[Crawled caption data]
┄┄┄┄┄┄┄┄┄┄┄┄┄┄┄┄┄┄┄┄

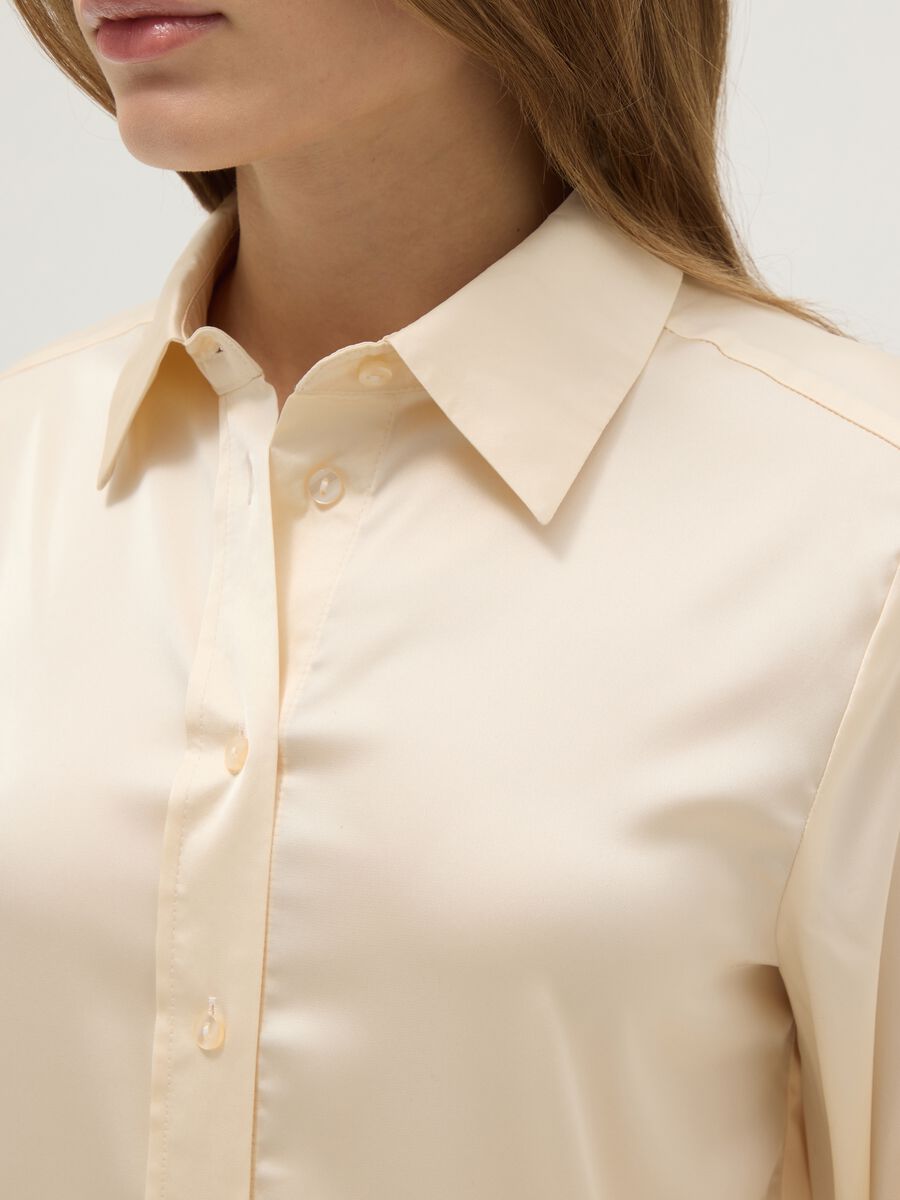 Beige long sleeve satin shirt regular fit_3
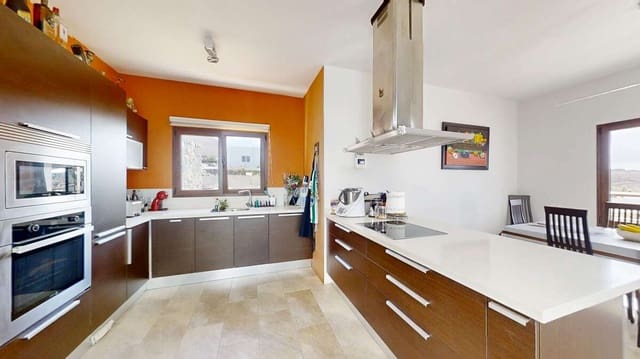 4 soveværelse Villa til salg i Las Brenas, Yaiza med swimmingpool garage - € 1.472.500 (Ref: 8836100)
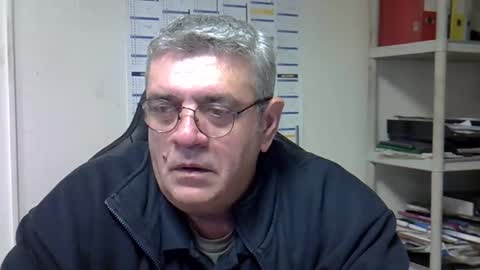 Snapshot of hippopotame17 chatting on 12/14/24, 10:45 hippo online show from 12/14/24, 10:45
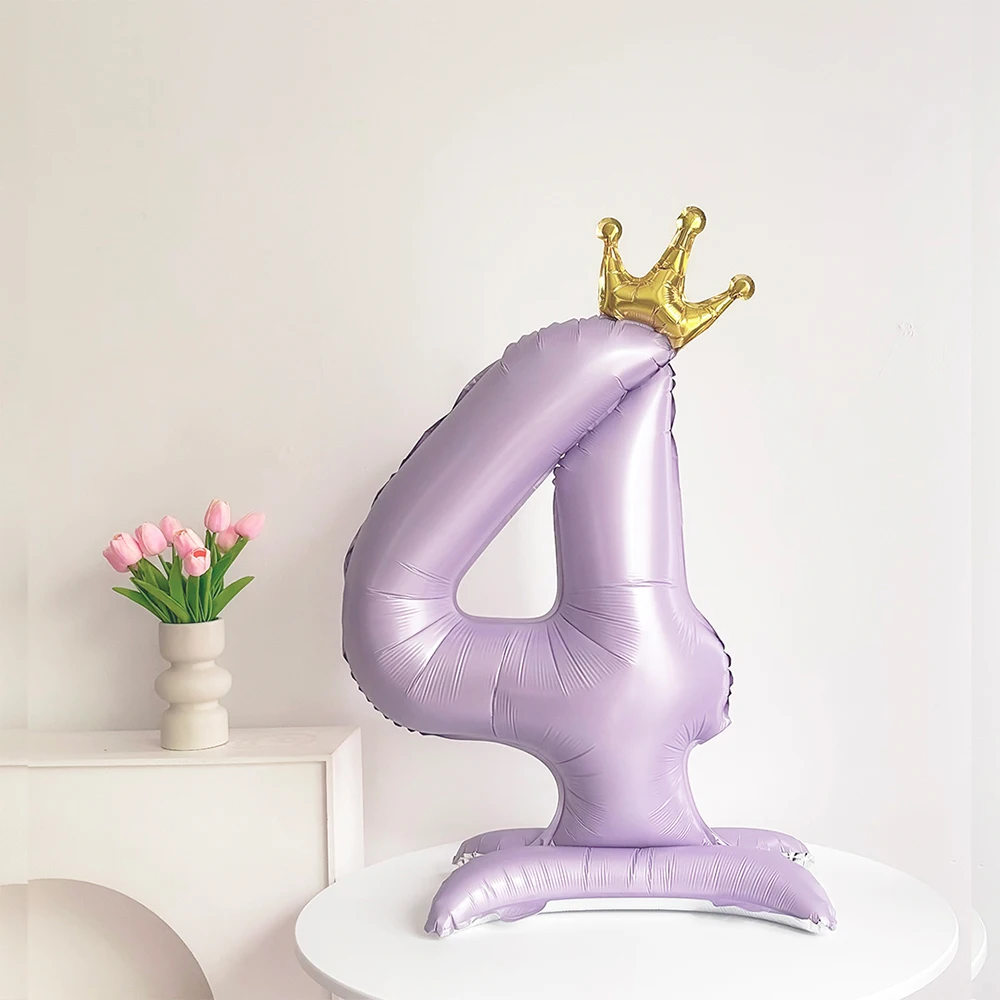 

Матовый фиолетовый цифровой шар из алюминиевой фольги с короной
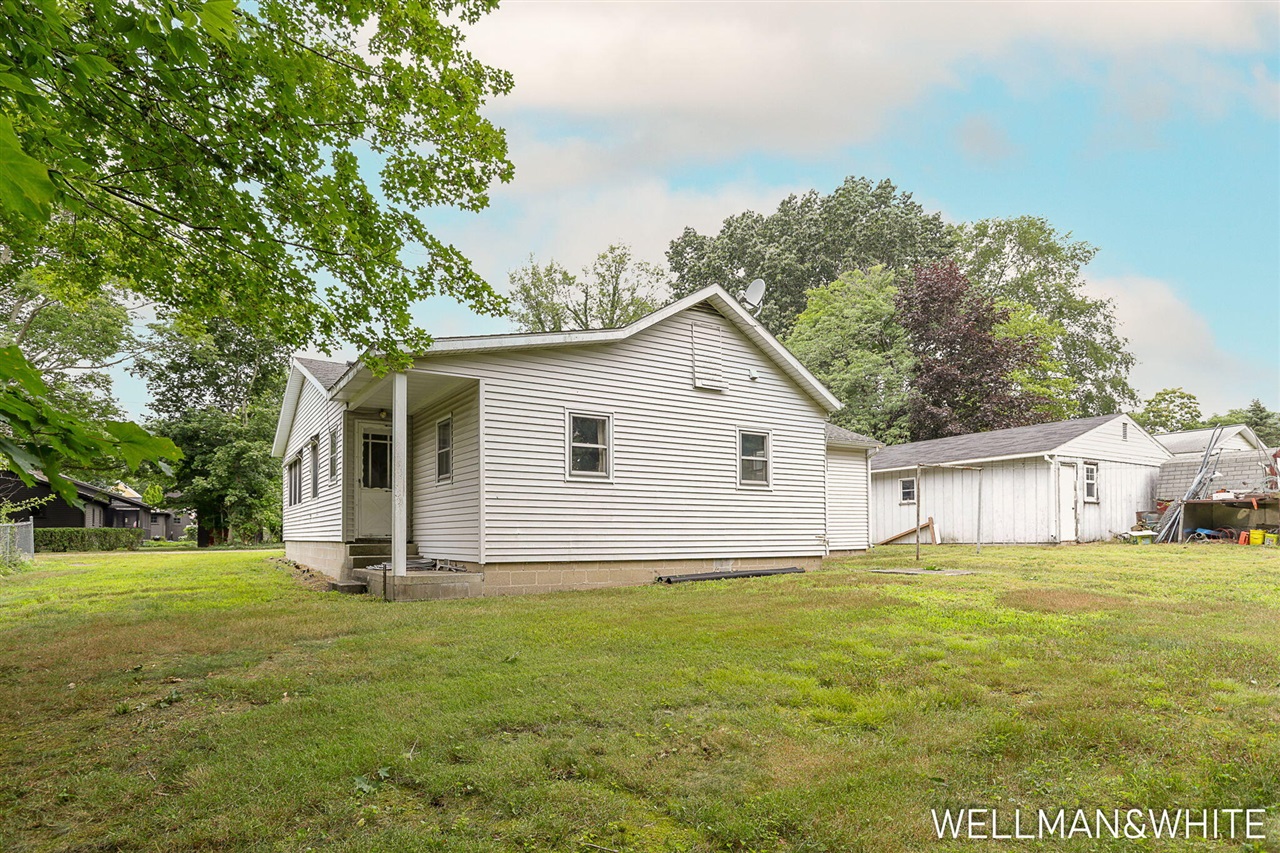 main property photo 18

┄┄┄┄┄┄┄┄┄┄┄┄┄┄┄┄┄┄┄┄

Transcribe every line from the one with "Матовый фиолетовый цифровой" to the last line of the records above, exactly, excluding pictures.

Solution to this exercise ::
Матовый фиолетовый цифровой шар из алюминиевой фольги с короной
 main property photo 18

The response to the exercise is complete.